Given data.

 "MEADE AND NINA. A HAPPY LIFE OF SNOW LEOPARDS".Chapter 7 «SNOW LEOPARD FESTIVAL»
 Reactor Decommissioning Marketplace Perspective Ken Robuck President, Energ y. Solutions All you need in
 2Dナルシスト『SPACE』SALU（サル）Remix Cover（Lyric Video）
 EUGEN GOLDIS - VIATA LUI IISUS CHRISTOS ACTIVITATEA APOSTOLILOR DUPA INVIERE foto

* * *

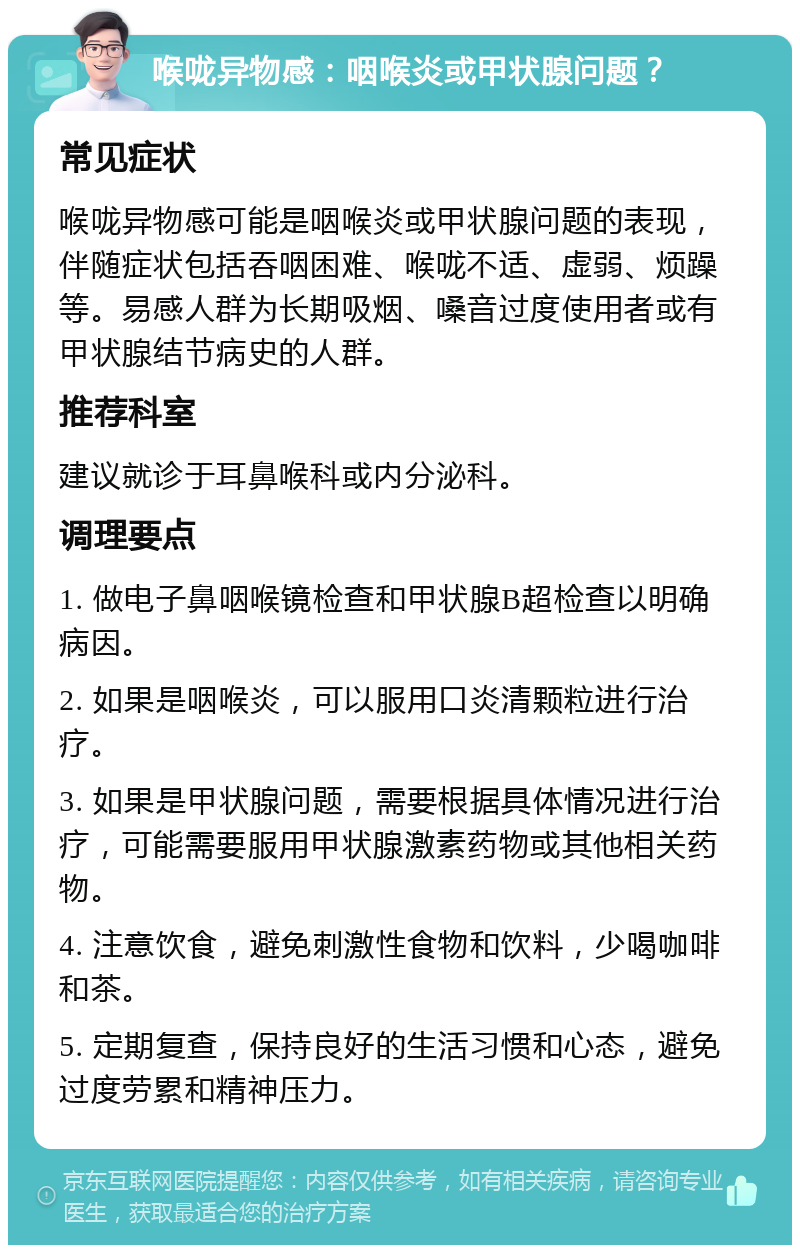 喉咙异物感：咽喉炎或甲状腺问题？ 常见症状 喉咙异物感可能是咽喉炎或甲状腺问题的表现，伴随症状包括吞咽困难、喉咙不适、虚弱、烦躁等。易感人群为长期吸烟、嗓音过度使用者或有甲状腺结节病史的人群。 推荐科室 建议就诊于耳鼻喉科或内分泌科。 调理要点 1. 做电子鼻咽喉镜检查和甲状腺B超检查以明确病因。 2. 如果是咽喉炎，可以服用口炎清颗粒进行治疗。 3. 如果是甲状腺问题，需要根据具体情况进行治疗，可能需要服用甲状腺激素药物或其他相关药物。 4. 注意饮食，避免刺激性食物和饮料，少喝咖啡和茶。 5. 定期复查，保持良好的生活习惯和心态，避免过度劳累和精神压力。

About this exercise.
From the material above, copy exactly the lines between the line holding "2Dナルシスト『SPACE』SALU（サル）Remix Cover（Lyric Video）" and the line holding "EUGEN GOLDIS - VIATA", inclusive, and only those.

Answer box.
 2Dナルシスト『SPACE』SALU（サル）Remix Cover（Lyric Video）
 EUGEN GOLDIS - VIATA LUI IISUS CHRISTOS ACTIVITATEA APOSTOLILOR DUPA INVIERE foto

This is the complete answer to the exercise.